As per the javadocs, this would take each record of A and compare with each record of B, and if it finds both equal, it will remove the record from A. If a record of A is not found to be equal to any record in B, and since all students in A are also in B, it means that that record of A has changed. The problem is that its easily of n square complexity.

Another approach can be :

Map<C> map = new HashMap<C>();
for (C record : B){
    map.add(record.getStudentId(),record);
}
List<C> changedRecords = new ArrayList<C>();
for (C record : A){
    if (record.equals(map.get(record.getStudentId())){
        changedRecords.add(record);
    }
}

I think this might be of a lower complexity than the above solution. Is that correct ?

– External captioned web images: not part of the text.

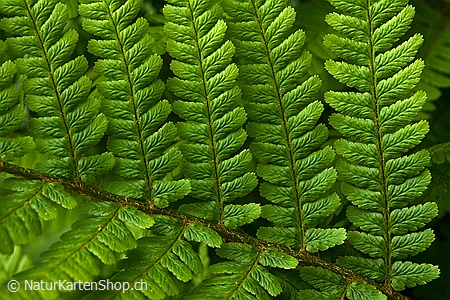 A5-Fotokarte/Klappkarte mit hochwertigem Papierabzug, Einlageblatt und Umschlag. Fototitel: Hellgrünes Farnblatt (Klappkarte, Kunstkarte)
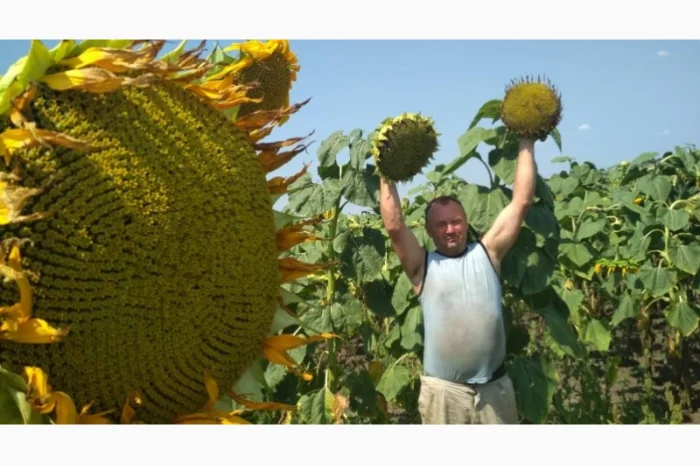 Канадский трансгенный гибрид масличный подсолнечник JAEGER F 369 насіння сонячника- фото № 6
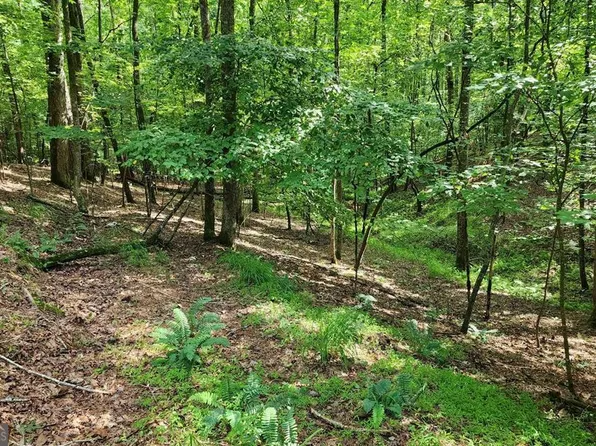 LOT 838 Oneida Cir, Ellijay, GA 30540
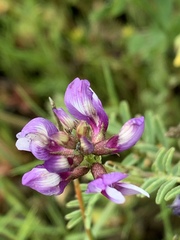 Astragalus tener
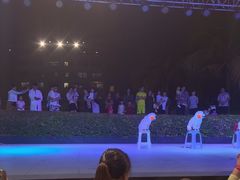 -渔家火锅·海鲜自助餐·演艺(亚龙湾天域酒店)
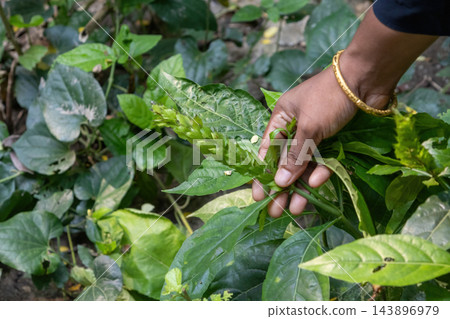 Hand touching green leaves and flower spike of Justicia adhatoda plant. Malabar nut herbal medicinal plant growing in natural outdoors. Hand touching green leaves and flower spike of Justicia adhatoda plant. Malabar nut herbal medicinal plant growing in natural outdoors. 143896979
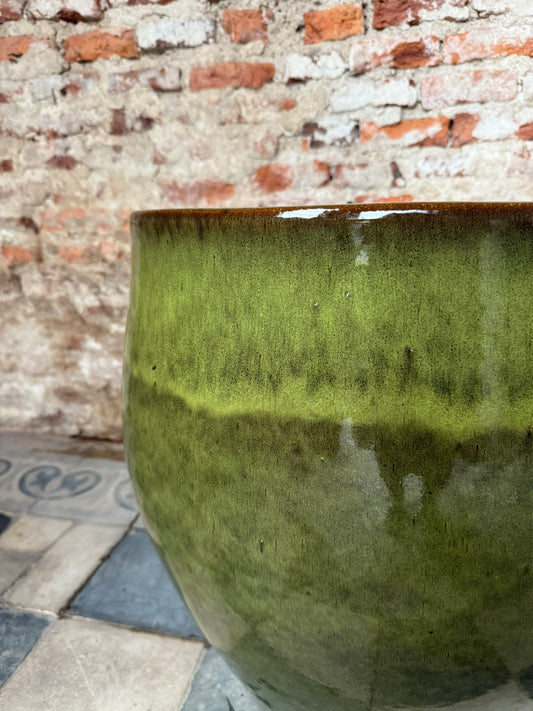 Alondra Verde Musgo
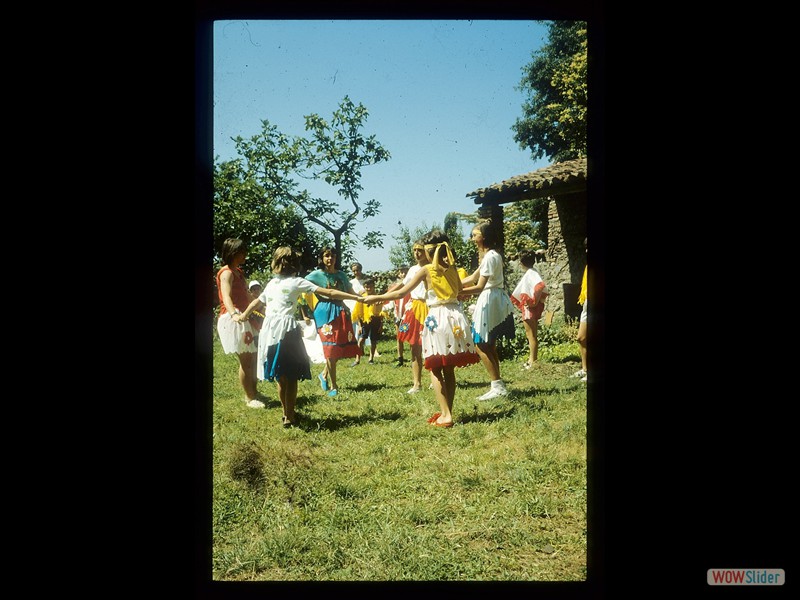 IMG253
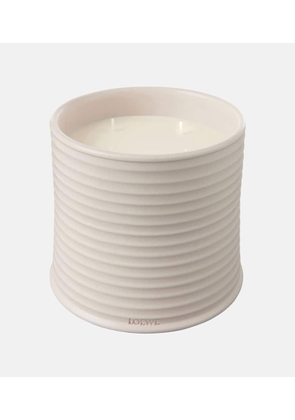 Loewe Home Scents Oregano Large scented candle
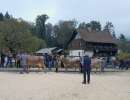schoeneuterwahl aeltere mit siegerin lennox luna von studhalter beat horw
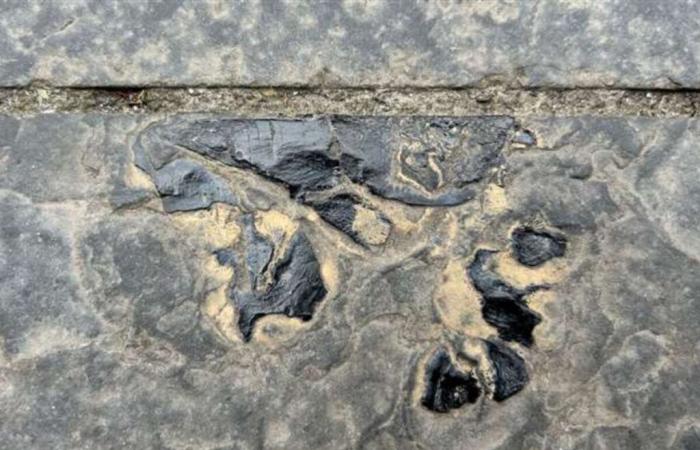 Un
      fossile
      du
      Dévonien
      découvert
      sur
      un
      trottoir
      en
      Écosse
      –
      Mon
      blog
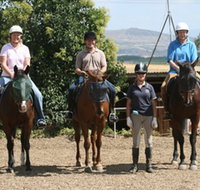 Forest Park Riding and Equitation School - Surfers Gold Coast
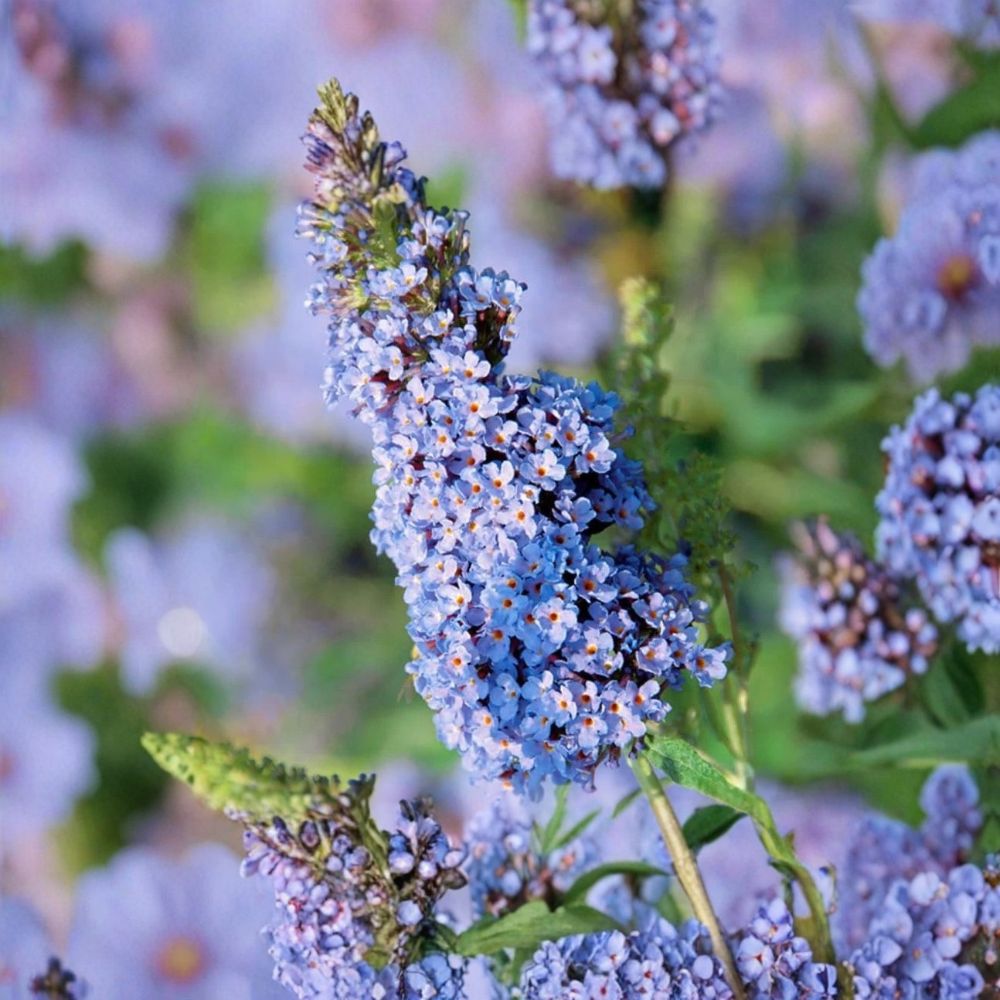 Light Blue Butterfly Bush Live Plant – 4–9 Inch Starter | Buddleia | Blue Flowering Shrub | Pollinator Garden Plant | Ships Without Pot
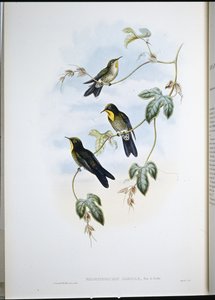 Ramphomicron de Simon (Ramphamicron Dorsale) - John (after) Gould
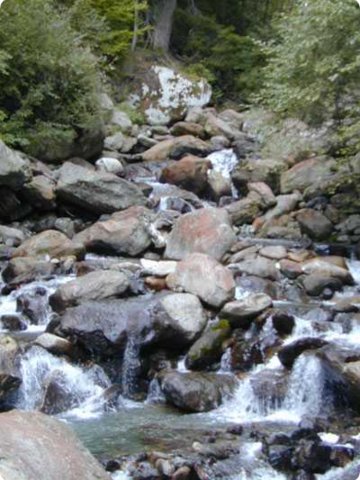 65.jpg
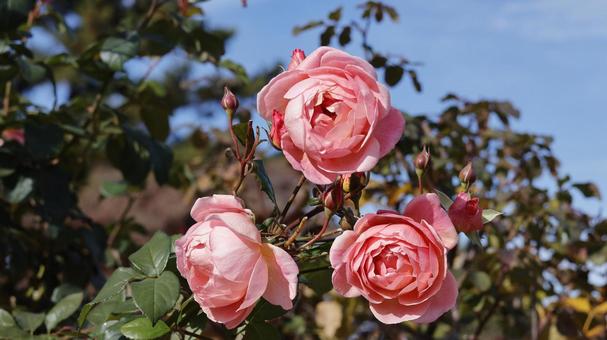 【花の写真】ばらの花 rose,植物,園芸の写真素材
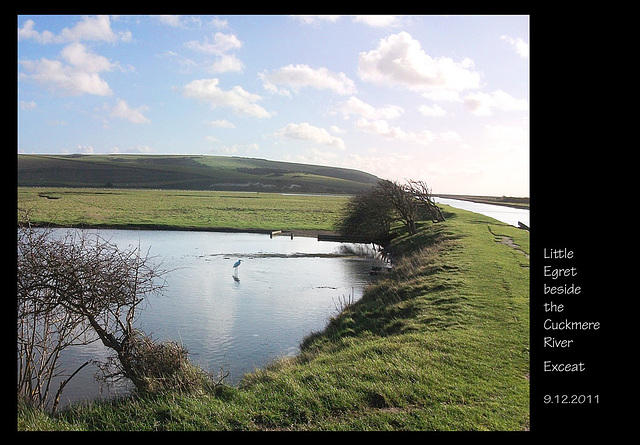 Little Egret Cuckmere Exceat  9 12 2011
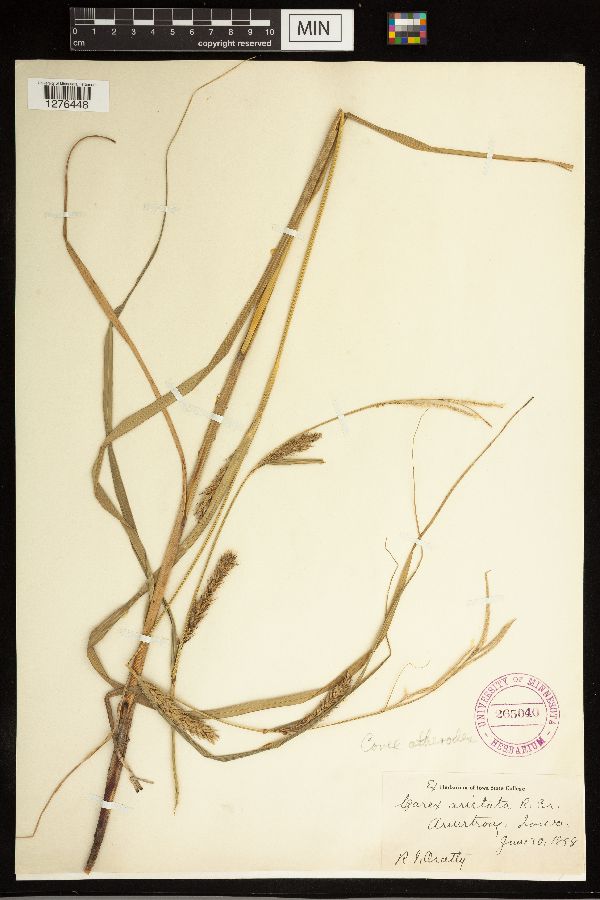 Carex atherodes image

Diplodocus answered 3/4, 2012 at 7:27 Comment(1)
Forget about efficiency, your original solution is far more readable. Only if it turns out to be a bottleneck should you even consider the second.Continuant
N
11

Yes the latter algorithm is better than O(n^2), since you have two loops, one ranging over B and another over A and you do (amortized) constant work in each loop, your new solution runs in O(|A| + |B|).

I suspect that you don't have any duplicate entries though. If this is the case, you could also go via a HashSet (change to LinkedHashSet if you want to preserve the order in A):

HashSet<C> tmp = new HashSet<C>(A);
tmp.removeAll(B);                     // Linear operation
A = new ArrayList<C>(tmp);

(Or if order doesn't matter to you, you could use HashSets all the way through.)


As pointed out by @Daud in the comments below, HashSet.removeAll(Collection c) actually calls c.contains repeatedly if the size of the hash set is smaller than the collection which affects the complexity (at least in OpenJDK). This is because the implementation always chooses to iterate over the smaller collection.

Nominative answered 3/4, 2012 at 7:29 Comment(6)
do you mean performance difference? I don't think so because in java HashSet is built on top of HashMap :)Oscular
I saw the source code of HashSet and it seems that for removeAll(), it would iterate through tmp and call contains() method on the argument passed to removeAll with the current value of tmp as parameter. Since the argument passed to removeAll() is an ArrayList, its contains method would take O(n)... thus making the entire operation O(n^2) ?Diplodocus
The contains method of HashSet runs in constant time (amortized).Nominative
Its not HashSet whose contains method is called.. its that of the Collection which is passed as argument (ArrayList in this case)... Perhaps tmp should be an ArrayList and the argument to removeAll be a HashSet.Diplodocus
I had a look at the code and you're right. This was very surprising to me. I'll update the answer with your find.Nominative
Correct me if I am wrong.. but perhaps even the contains() method of HashSet doesn't run in constant time. It ultimately uses the getEntry() method of HashMap which uses a loop. So I think I should go with the second solution I mentioned in my question for a linear solutionDiplodocus
S
1

What you may save on complexity you could be losing in memory allocation so isn't necessarily more efficient. Arrraylist uses something similar to an in place partitioning algorithm to run down the backing array and test against the compare.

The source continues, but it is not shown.